Myrinet scalability

Thu Jun 20 02:40:58 PDT 2002

Patrick Geoffray wrote:
> I think it's an interesting contribution to this thread.

Hi Patrick,

yes, it surely is!

> The respondent, Serguei, is arguing correctly but too narrowly.  The
> Scali person claims linear-cost scaling, but with a network with
> constant total capacity (i.e., bisection).  It's pretty easy to achieve
> linear cost that way ;-), but he ignores 50 years of research and
> experience in concurrent computing and networks.  Myrinet Clos networks
> scale up the network capacity with the number of nodes (full-bisection
> Clos networks), a different and far more desirable form of scaling.

Charles is of course correct here, but it should be noted that also in a
k-ary n-cube the accumulated  bandwidth of independant connections
("total capacity"), and to some degree also the capacity expressed as
bisection bandwidth, scale with the number of nodes (depending on the
ratio of host-to-network bandwidth and the placement of the processes
for this communication pattern). Of course, bisection bandwidth for Clos
scales independently from the placement of the processes which is nice.
This is relevant if this communication pattern is performed by
individual send/recv operations of the processes. If collective
operations are used, the MPI library can employ an optimized
communication pattern which makes best use of the available network
capacity. 

But "bisection bandwidth" is only one type of network capacity. The
question remains, which influence on application performance these
different characteristics of the topologies do have. There is no
application-independant answer to this question. 

Concerning the discontinuities in the scaling behaviour, Charles is
again correct, but the actual cost of the network adapter for SCI do not
scale by factor 2 for 1D -> 2D and 1.5 for 2D -> 3D, but in fact 1.14
for 1D -> 2D and 1.3 for 2D -> 3D. 

> One factor that you should not miss is that more and more of the market
> for cluster interconnect will be for *high-availability* applications.
> The k-ary n-cube is arguably the worst topology for HA, particularly for
> small N and n.  The Clos network is arguably the best topology for HA
> (due to the multiplicity of paths between hosts).

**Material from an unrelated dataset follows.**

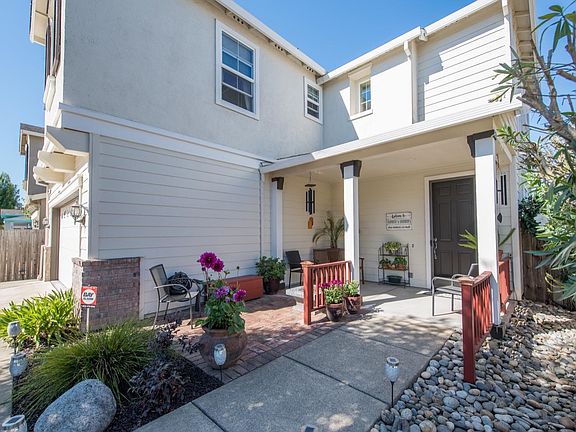 3rd image of 4065 SW Rickenbacker Drive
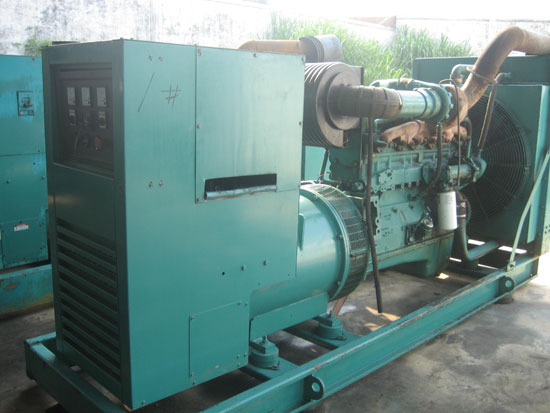 绥德租赁发电机- 发电机碳刷磨损的原因是什么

Failing switch ports in Clos networks require re-routing at the source
of a packet (current Myrinet?) or in a number of the remaining switch
ports, which do not necessarily detect the failing switch ports
themselves (as they are not directly connected with them), but will be
noted of this fact by other means (anyone more information on this?).

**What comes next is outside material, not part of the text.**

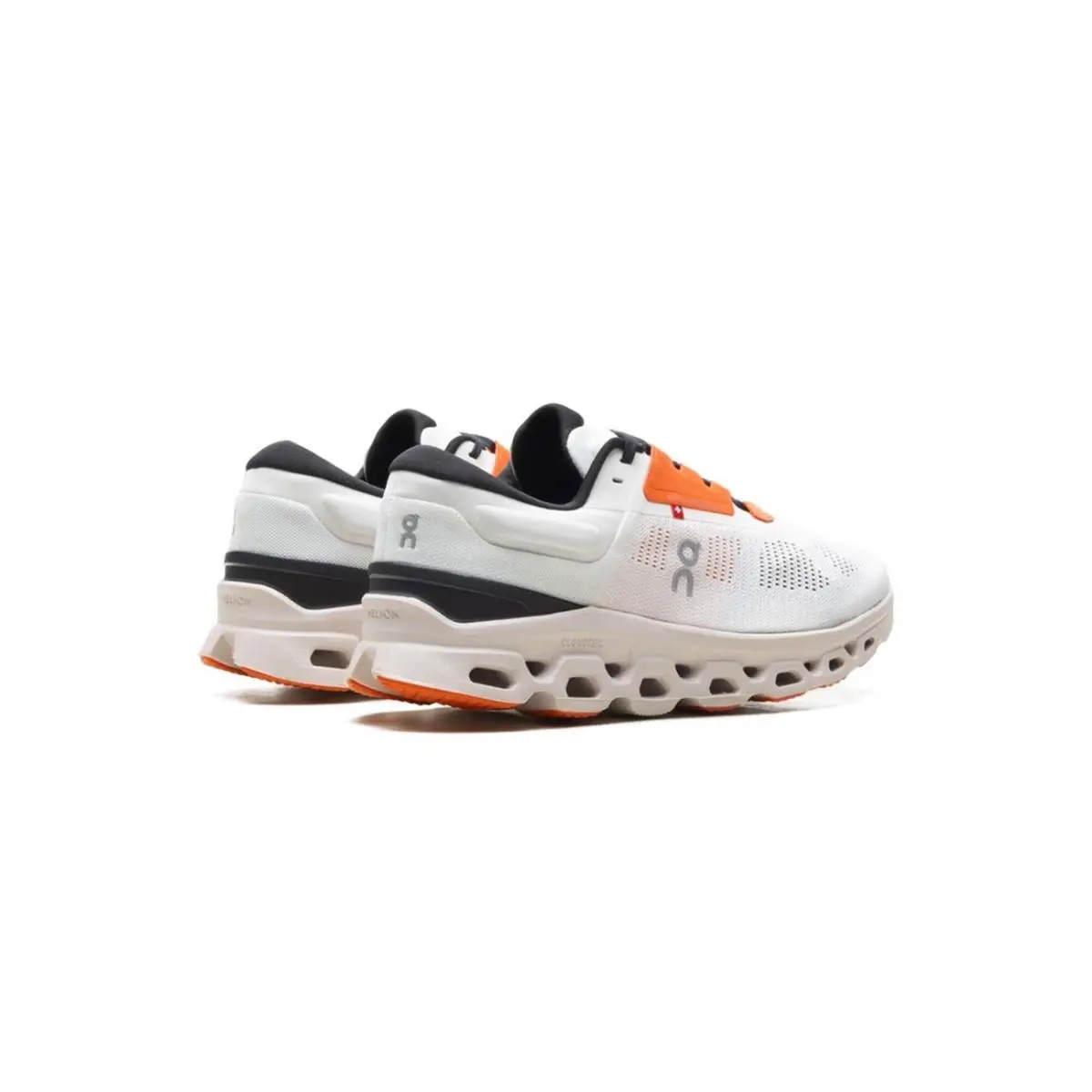 On-Running shoes - White 4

Failing switch ports (= nodes) in k-ary n-cube are noted immediately by
the neigbouring nodes (= switch ports) which can employ a different
routing in their routing tables. This is currently done in Scali systems
and works fine, with very little delay, and keeps applications running.

This means, HA can be more or less easily employed for both topologies.
If you use a very small number of hosts with SCI, a central switch is
preferable to an k-ary n-cube topology (as it is done for years by Sun's
HA cluster solutions). Stackable 8-port switches are currently
available.

  regards, Joachim

-- 
|  _  RWTH|  Joachim Worringen
|_|_`_    |  Lehrstuhl fuer Betriebssysteme, RWTH Aachen
  | |_)(_`|  http://www.lfbs.rwth-aachen.de/~joachim
    |_)._)|  fon: ++49-241-80.27609 fax: ++49-241-80.22339